Your assignment:
Starting at the first line of the entries below, restate each line exactly until you reach the line with "单身女性购房底气，北京上海房产市场的新趋势", and print that one too. Leave the pictures out and stop there.
*** Opening of The records ***
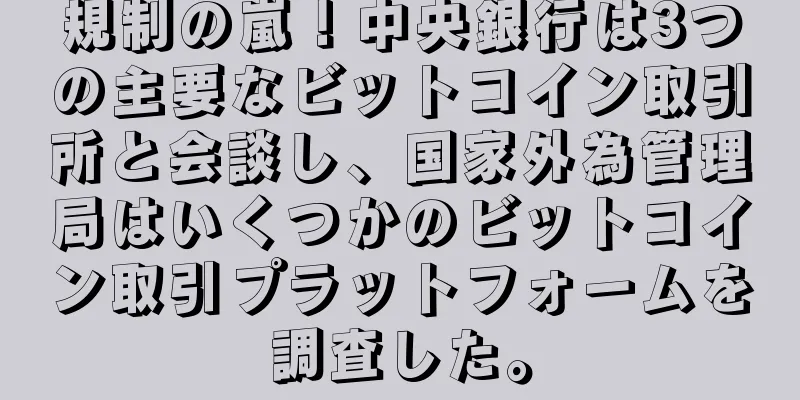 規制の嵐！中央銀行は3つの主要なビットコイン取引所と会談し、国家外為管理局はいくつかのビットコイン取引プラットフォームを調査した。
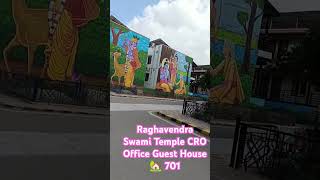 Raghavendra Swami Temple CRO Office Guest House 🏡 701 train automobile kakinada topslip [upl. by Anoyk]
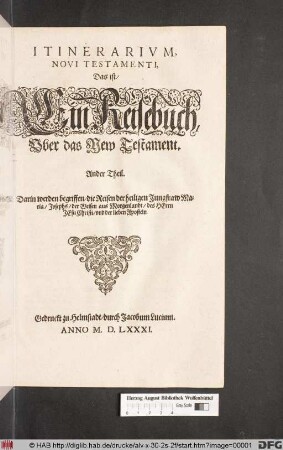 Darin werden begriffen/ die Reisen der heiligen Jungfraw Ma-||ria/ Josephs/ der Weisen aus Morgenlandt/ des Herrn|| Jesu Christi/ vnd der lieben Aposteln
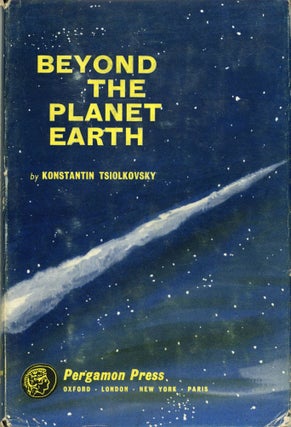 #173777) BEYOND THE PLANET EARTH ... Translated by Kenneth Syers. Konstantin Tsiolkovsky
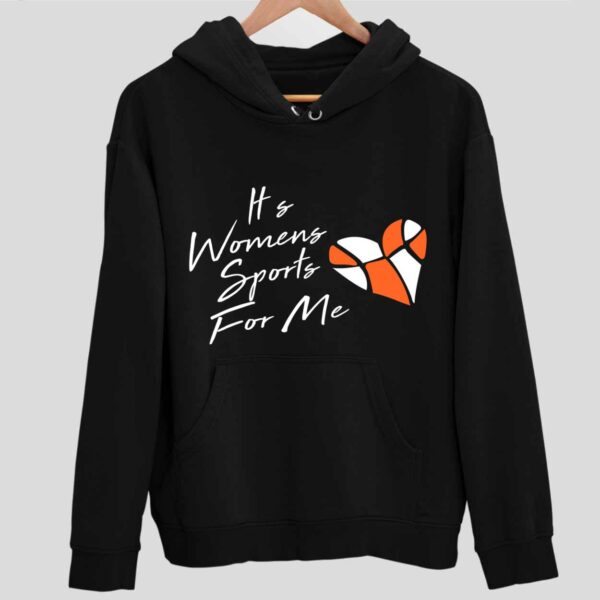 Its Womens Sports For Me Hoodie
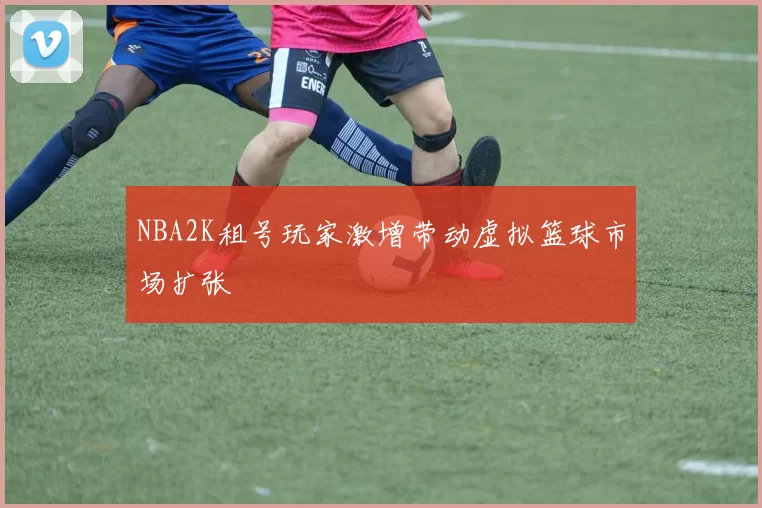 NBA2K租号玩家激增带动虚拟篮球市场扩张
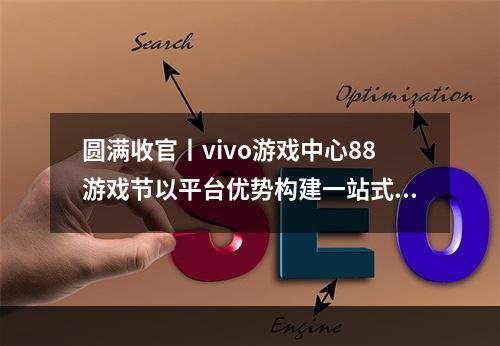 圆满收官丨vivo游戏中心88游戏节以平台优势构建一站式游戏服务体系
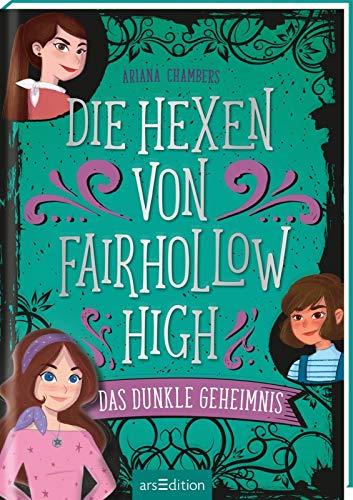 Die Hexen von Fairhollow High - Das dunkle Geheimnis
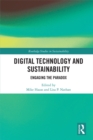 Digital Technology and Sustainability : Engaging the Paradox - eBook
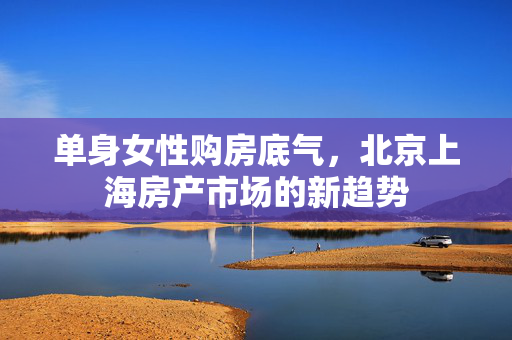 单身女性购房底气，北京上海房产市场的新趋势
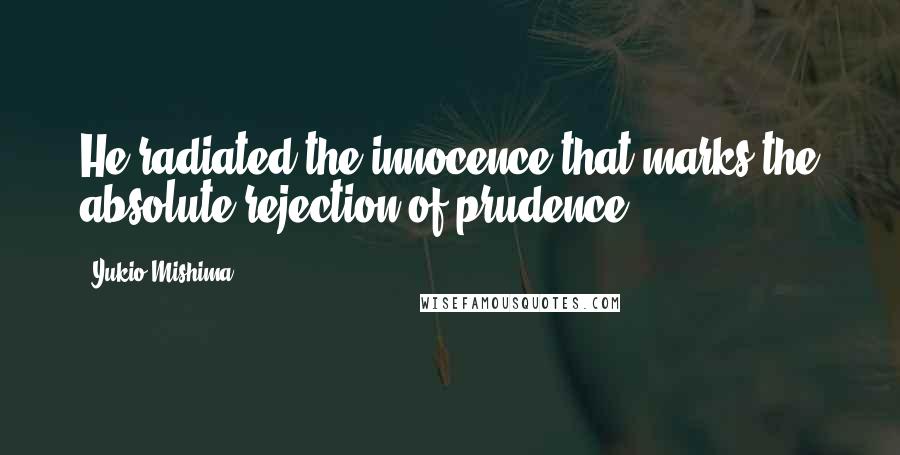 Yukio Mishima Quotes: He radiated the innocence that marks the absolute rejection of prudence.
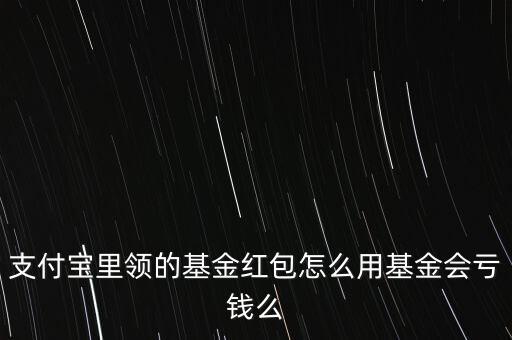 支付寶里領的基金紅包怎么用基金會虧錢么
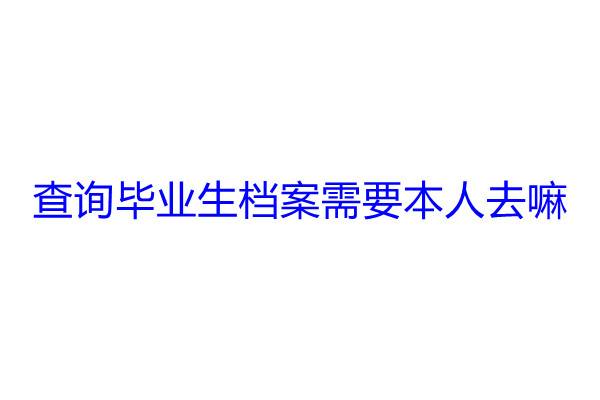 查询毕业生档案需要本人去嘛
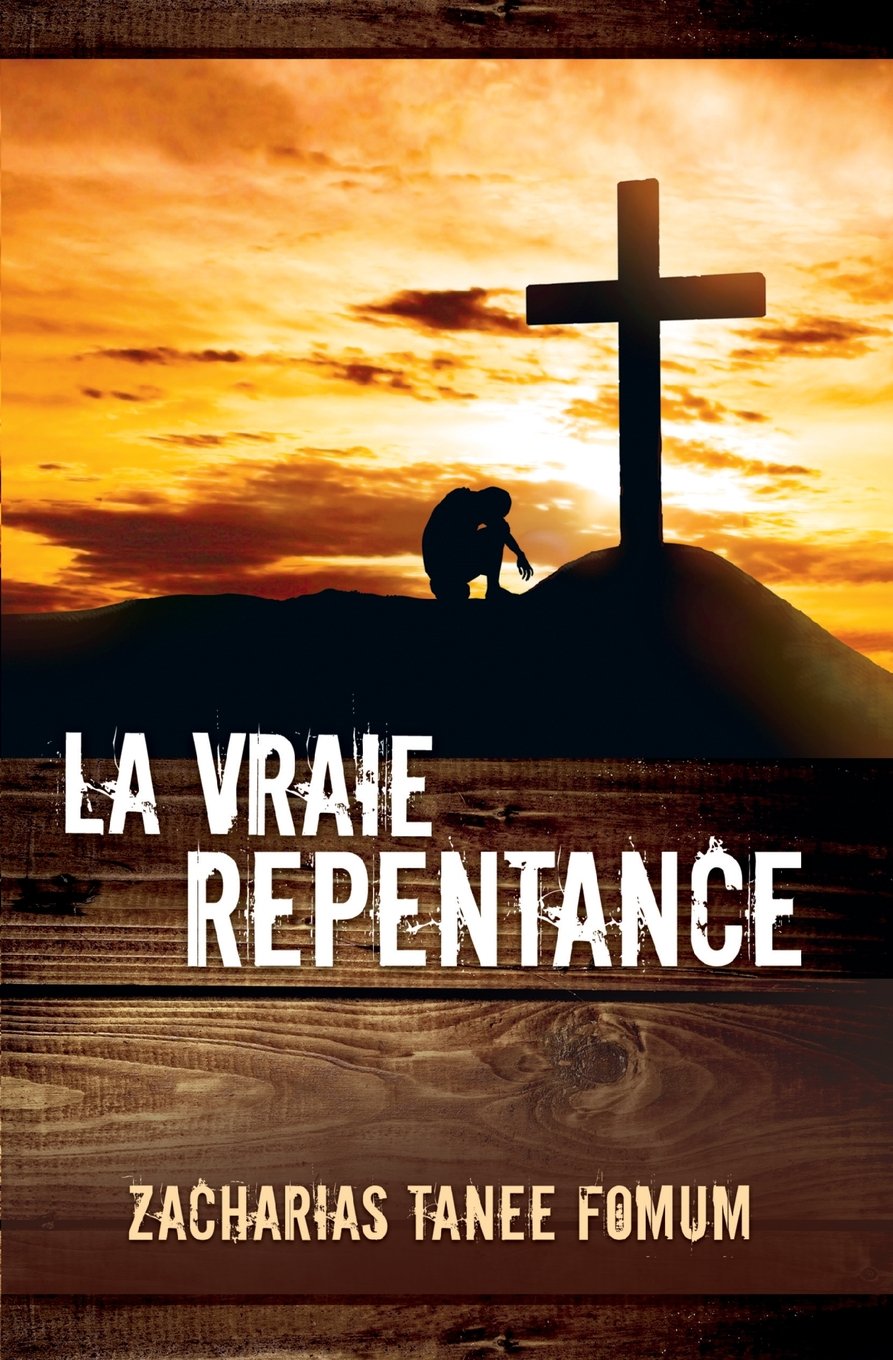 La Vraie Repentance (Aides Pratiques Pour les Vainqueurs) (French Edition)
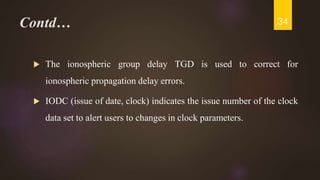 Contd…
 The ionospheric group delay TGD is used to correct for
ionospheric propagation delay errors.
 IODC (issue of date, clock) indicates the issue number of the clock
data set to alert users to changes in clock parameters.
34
*** Close of The records ***
Exercise answer:
 規制の嵐！中央銀行は3つの主要なビットコイン取引所と会談し、国家外為管理局はいくつかのビットコイン取引プラットフォームを調査した。
 Raghavendra Swami Temple CRO Office Guest House 🏡 701 train automobile kakinada topslip [upl. by Anoyk]
 Darin werden begriffen/ die Reisen der heiligen Jungfraw Ma-||ria/ Josephs/ der Weisen aus Morgenlandt/ des Herrn|| Jesu Christi/ vnd der lieben Aposteln
 #173777) BEYOND THE PLANET EARTH ... Translated by Kenneth Syers. Konstantin Tsiolkovsky
 Its Womens Sports For Me Hoodie
 NBA2K租号玩家激增带动虚拟篮球市场扩张
 圆满收官丨vivo游戏中心88游戏节以平台优势构建一站式游戏服务体系
 Die Hexen von Fairhollow High - Das dunkle Geheimnis
 Digital Technology and Sustainability : Engaging the Paradox - eBook
 单身女性购房底气，北京上海房产市场的新趋势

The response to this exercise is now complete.